Short text fragments from websites:

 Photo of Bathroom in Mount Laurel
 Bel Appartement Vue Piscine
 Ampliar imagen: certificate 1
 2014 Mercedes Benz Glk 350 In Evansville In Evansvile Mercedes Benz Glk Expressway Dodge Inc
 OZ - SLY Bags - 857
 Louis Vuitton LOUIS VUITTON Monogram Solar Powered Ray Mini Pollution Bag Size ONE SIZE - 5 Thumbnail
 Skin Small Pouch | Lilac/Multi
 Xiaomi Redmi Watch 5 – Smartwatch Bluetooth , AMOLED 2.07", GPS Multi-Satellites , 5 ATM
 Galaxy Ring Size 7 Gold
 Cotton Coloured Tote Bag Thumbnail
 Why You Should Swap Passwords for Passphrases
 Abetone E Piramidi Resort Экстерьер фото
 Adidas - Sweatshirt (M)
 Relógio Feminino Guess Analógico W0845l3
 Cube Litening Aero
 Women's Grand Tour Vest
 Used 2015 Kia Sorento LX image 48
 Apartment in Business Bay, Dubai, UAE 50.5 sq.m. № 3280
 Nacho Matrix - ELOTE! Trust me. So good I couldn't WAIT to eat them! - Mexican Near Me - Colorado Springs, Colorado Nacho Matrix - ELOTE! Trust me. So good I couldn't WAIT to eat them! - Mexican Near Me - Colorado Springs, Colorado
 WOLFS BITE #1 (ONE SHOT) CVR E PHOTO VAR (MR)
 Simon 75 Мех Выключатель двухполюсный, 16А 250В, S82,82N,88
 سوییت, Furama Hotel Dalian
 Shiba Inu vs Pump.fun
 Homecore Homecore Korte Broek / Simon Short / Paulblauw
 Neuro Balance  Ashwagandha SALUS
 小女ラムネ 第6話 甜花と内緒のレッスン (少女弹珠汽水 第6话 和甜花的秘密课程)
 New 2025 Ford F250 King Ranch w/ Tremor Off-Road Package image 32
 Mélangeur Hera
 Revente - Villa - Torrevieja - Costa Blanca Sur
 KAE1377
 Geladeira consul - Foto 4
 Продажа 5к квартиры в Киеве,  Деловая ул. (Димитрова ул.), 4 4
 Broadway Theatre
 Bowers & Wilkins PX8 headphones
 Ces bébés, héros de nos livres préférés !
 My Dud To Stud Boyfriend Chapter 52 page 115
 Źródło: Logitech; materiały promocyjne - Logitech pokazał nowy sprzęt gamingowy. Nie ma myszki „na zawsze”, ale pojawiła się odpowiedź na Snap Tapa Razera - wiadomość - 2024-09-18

Prompt => Write out exactly the lines above between the line with "Adidas - Sweatshirt (M)" and the line with "Revente - Villa", inclusive, and nothing beyond them.

Answer to the exercise =>
 Adidas - Sweatshirt (M)
 Relógio Feminino Guess Analógico W0845l3
 Cube Litening Aero
 Women's Grand Tour Vest
 Used 2015 Kia Sorento LX image 48
 Apartment in Business Bay, Dubai, UAE 50.5 sq.m. № 3280
 Nacho Matrix - ELOTE! Trust me. So good I couldn't WAIT to eat them! - Mexican Near Me - Colorado Springs, Colorado Nacho Matrix - ELOTE! Trust me. So good I couldn't WAIT to eat them! - Mexican Near Me - Colorado Springs, Colorado
 WOLFS BITE #1 (ONE SHOT) CVR E PHOTO VAR (MR)
 Simon 75 Мех Выключатель двухполюсный, 16А 250В, S82,82N,88
 سوییت, Furama Hotel Dalian
 Shiba Inu vs Pump.fun
 Homecore Homecore Korte Broek / Simon Short / Paulblauw
 Neuro Balance  Ashwagandha SALUS
 小女ラムネ 第6話 甜花と内緒のレッスン (少女弹珠汽水 第6话 和甜花的秘密课程)
 New 2025 Ford F250 King Ranch w/ Tremor Off-Road Package image 32
 Mélangeur Hera
 Revente - Villa - Torrevieja - Costa Blanca Sur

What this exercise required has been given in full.